#### Dataset excerpts

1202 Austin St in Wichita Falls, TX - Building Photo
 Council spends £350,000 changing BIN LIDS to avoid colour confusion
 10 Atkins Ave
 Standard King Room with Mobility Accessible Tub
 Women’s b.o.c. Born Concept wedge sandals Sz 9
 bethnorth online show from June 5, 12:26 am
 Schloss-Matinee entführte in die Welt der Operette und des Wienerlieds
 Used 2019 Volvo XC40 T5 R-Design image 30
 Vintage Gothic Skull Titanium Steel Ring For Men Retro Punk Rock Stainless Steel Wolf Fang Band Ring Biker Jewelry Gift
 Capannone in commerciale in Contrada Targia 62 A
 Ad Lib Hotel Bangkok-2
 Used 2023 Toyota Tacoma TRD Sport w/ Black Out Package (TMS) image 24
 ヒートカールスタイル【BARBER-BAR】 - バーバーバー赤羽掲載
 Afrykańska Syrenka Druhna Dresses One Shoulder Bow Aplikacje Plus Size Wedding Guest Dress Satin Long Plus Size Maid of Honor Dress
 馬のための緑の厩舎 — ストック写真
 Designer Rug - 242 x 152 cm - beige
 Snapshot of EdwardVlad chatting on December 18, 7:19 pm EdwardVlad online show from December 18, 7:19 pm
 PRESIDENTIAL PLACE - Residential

########

> Your objective
Every line from the one containing "Capannone in commerciale" to the end of the entries must be set down exactly, with none omitted and none added.

> Response below
 Capannone in commerciale in Contrada Targia 62 A
 Ad Lib Hotel Bangkok-2
 Used 2023 Toyota Tacoma TRD Sport w/ Black Out Package (TMS) image 24
 ヒートカールスタイル【BARBER-BAR】 - バーバーバー赤羽掲載
 Afrykańska Syrenka Druhna Dresses One Shoulder Bow Aplikacje Plus Size Wedding Guest Dress Satin Long Plus Size Maid of Honor Dress
 馬のための緑の厩舎 — ストック写真
 Designer Rug - 242 x 152 cm - beige
 Snapshot of EdwardVlad chatting on December 18, 7:19 pm EdwardVlad online show from December 18, 7:19 pm
 PRESIDENTIAL PLACE - Residential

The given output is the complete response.